Presentation Authors: Ahmet Sahan, Asgar Garayev, Berkan Simsek, Cengiz Canakcı, Bilal Eryildirim, Yiloren Tanidir*, Istanbul, Turkey
Introduction: Upper calyx access in percutaneous nephrolithotomy (PCNL) is an effective route to achieve access to the whole collecting system in complex kidney stone case or in high stone burden. However, it is less preferred or underutilized due to the previously reported high complication rates. Some studies suggest ultrasound to be superior in access upper calyx access. Present study compares the safety and efficiency of ultrasonography-guided versus fluoroscopy-guided upper calyx access in PCNL
Methods: In total, all consecutive PCNL cases in two different institutions were reviewed from 2015 to 2017. Patients with solitary upper calyx access were enrolled into the study. In total 143 patients were recruited into the study. Patients were divided into two groups according to the coupling imaging in access: fluoroscopy-guided (institution A) (n=85) and ultrasonography-guided (institution B) (n=58). Preoperative patients and stone demographics, and complication rates are compared (Table 1-2).
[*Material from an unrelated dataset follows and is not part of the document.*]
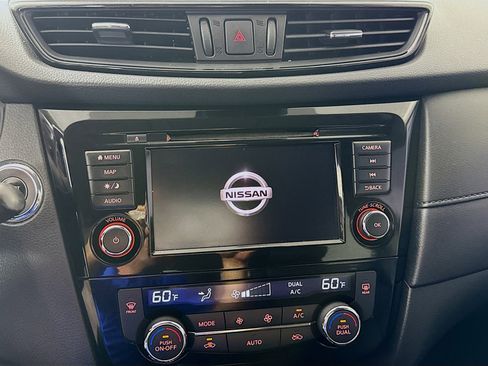 Used 2019 Nissan Rogue SV w/ Premium Package FWD image 18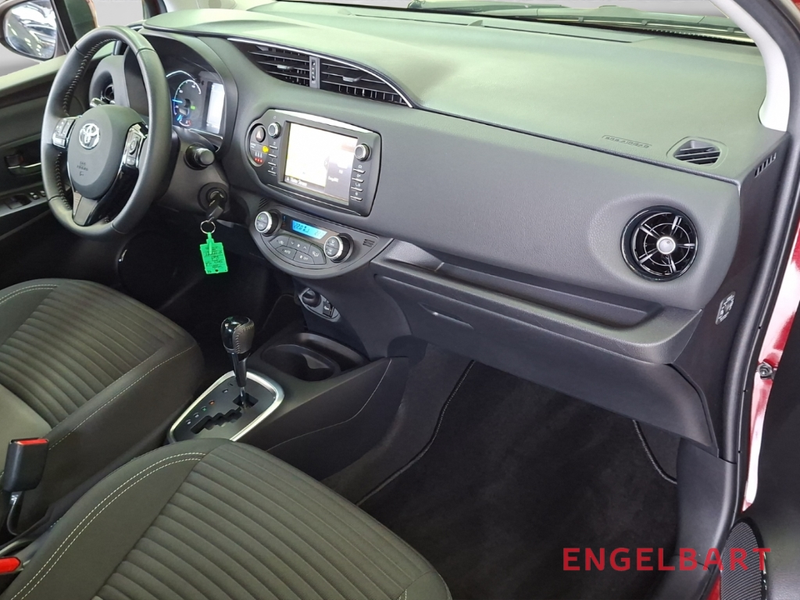 Toyota Yaris 1.5 Hybrid Team D AHK Allwetterreifen — photo 11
Results: Patients and stone characteristics were almost similar in each group (Table 1). However, the stone density was higher in group 1 and they also had high number of multiple stone cases. Both groups complications rates were similar according to the modified Clavien-Dindo Grading System (p>0.05). Fluoroscopy-guided PCNL was similar to ultrasonography-guided PCNL in terms of pleural invasion (9.4 % vs 5.2%), blood transfusion (8.2% vs 12.1%), extravasation requiring DJ insertion (4.7% vs 3.4%) and urinary tract infection ((14.1 % vs 15.5 %) (p>0.05). Fluoroscopy was also used in the control of residual stones in ultrasonography-guided PCNL cases, but the duration of total fluoroscopy and duration of operation were significantly shorter in group 2.
Conclusions: The complications rates in ultrasound coupled PCNL is not better than the ones in fluoroscopy-guided. However, operation time gets shorter and fluoroscopy use decreases with similar stone free rates in ultrasonography-guided PCNL.